Лица без гражданства выиграли иск у Российской Федерации.
Роман Романов: Мадина, скажите, чем привлекло внимание Управления Верховного комиссара ООН по делам беженцев дело «Лакатош и другие против России»? Почему вы обратили на него внимание?
Мадина Чеджемова: Об этом деле наша организация узнала в конце прошлого года от адвоката и от антидискриминационного центра «Мемориал». Мы сразу же очень заинтересовались, потому что это дело вскрывает целый спектр проблем, которые вытекают из проблемы безгражданства. Оно во многом показательно.
Р.Р.: Хорошо. Нас наверняка будут смотреть люди, которые не в курсе, которые не знают деталей этого дела, опишите в двух словах, что произошло? В чем проблема?

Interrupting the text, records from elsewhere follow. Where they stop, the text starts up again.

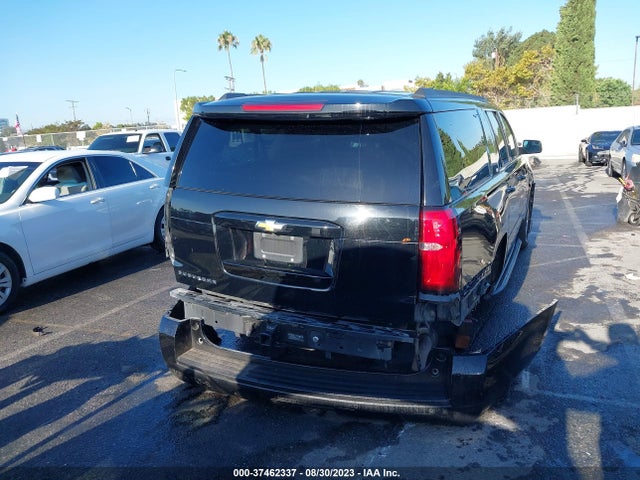 Chevrolet Suburban Lt 2016 1GNSCHKCXGR103476 Image 17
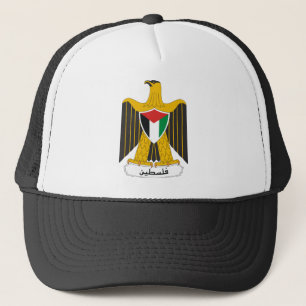 Casquette Manteau de la Palestine des bras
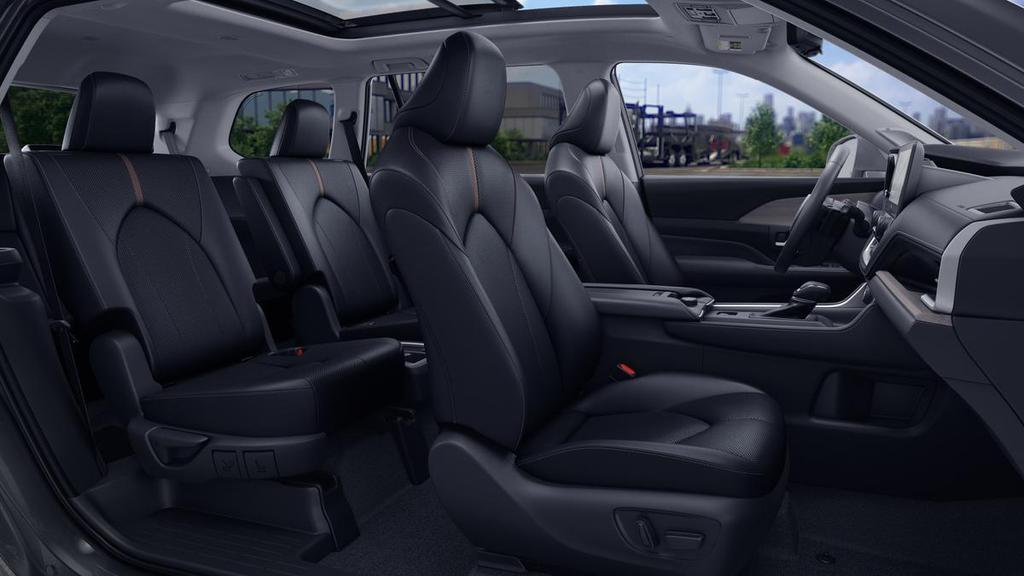 new 2026 Toyota Grand Highlander car, priced at $59,188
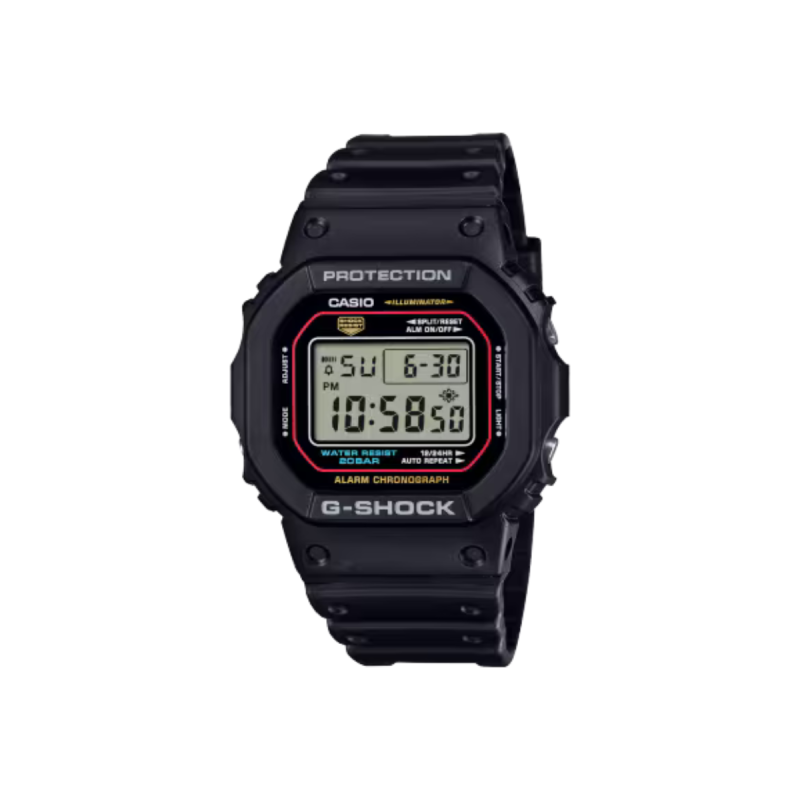 Montre G-Shock DW-5600RL-1ER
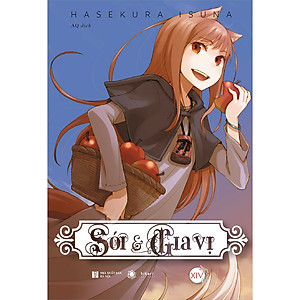 Sách Sói Và Gia Vị (Tập 14)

М.Ч.: Заявители родом из Украины. Они нелегально приехали в Российскую Федерацию, и определенное количество лет жили в таборе в Ленинградской области. Во время спецоперации «Табор» их задержали. В суд было передано дело об административном выдворении. Судом было принято соответствующее решение. И уже на определенной стадии, когда сроки конституционного обжалования, к сожалению, истекли, об этом деле стало известно адвокатам, с которыми мы работаем. Изначально работа адвоката была больше нацелена на условия содержания. Потому что условия содержания, если вы почитаете об этом деле, были не то, что ниже минимальных стандартов, они просто неприемлемы. Количество лиц, которые содержатся в камерах (содержание таких лиц должно быть бескамерным), условия питания, отсутствие прогулок – все, что относится к условиям содержания, оно ниже всяческих стандартов.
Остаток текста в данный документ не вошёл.